Olson’s gift will address the pre-nursing program’s priority needs such as an adult male mannequin simulator, software, gurney/bed, anatomical models, portable electrocardiographs, single-use electrodes for electrocardiographs, wet spirometers and disposable mouthpieces, and will allow the program to increase the number of faculty.
“As with any new program, there are start-up costs involved. From space build outs that require renovations, to the purchasing of the most up-to-date equipment, and training supplies to ensure the simulation lab looks as close to a hospital room setting as possible,” said Nicole Akana, coordinator of the Kumu Ola healthcare careers opportunity program. “Therefore, this amazing gift will allow us to reconfigure the existing Simulation Lab and make the necessary upgrades to match our partners at the Nancy Atmospera-Walch School of Nursing at UH Mānoa.
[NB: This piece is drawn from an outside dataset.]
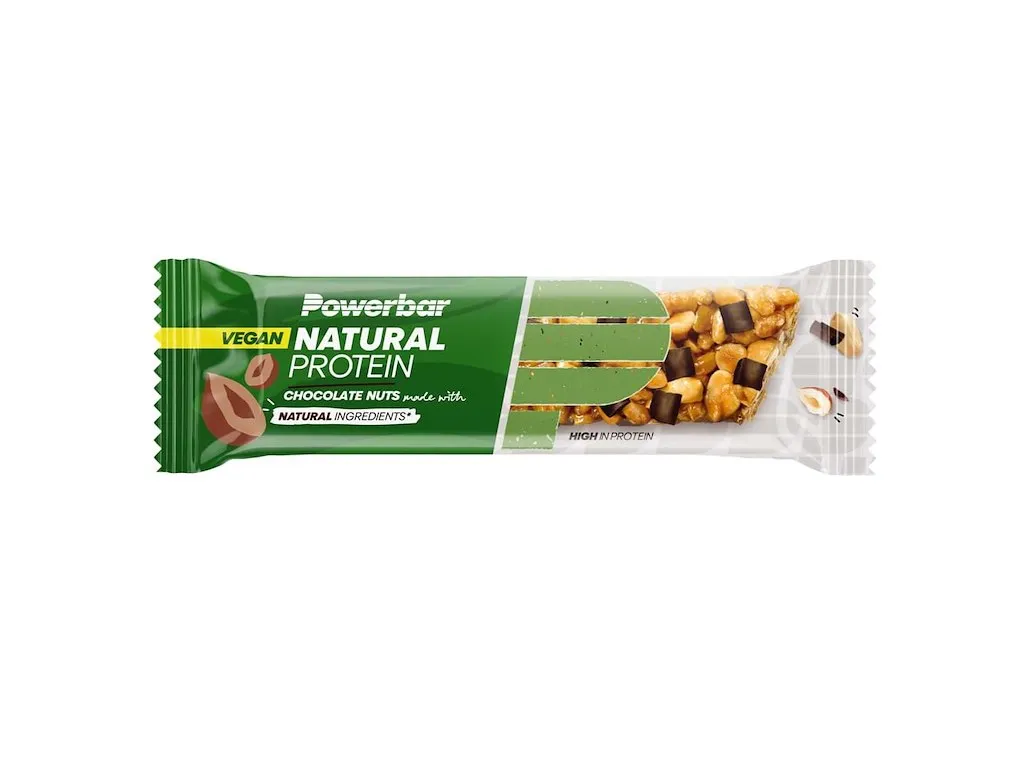 Powerbar Natural vegansk proteinbar chocolate nuts 40 gram Powerbar Natural vegansk proteinbar chocolate nuts 40 gram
These upgrades will allow students to be trained using state-of-the-art equipment, and having the familiarity of using the same mannequins, equipment, supplies and workflow also creates a seamless learning environment.”
The pre-nursing pathway program fosters a holistic approach through incorporating Native Hawaiian values and principles, as well as place-based and ʻāina (land)-based learning. Public high school students may also explore UH West Oʻahu’s pre-nursing pathway by completing a course (HLTH 123) through Early College.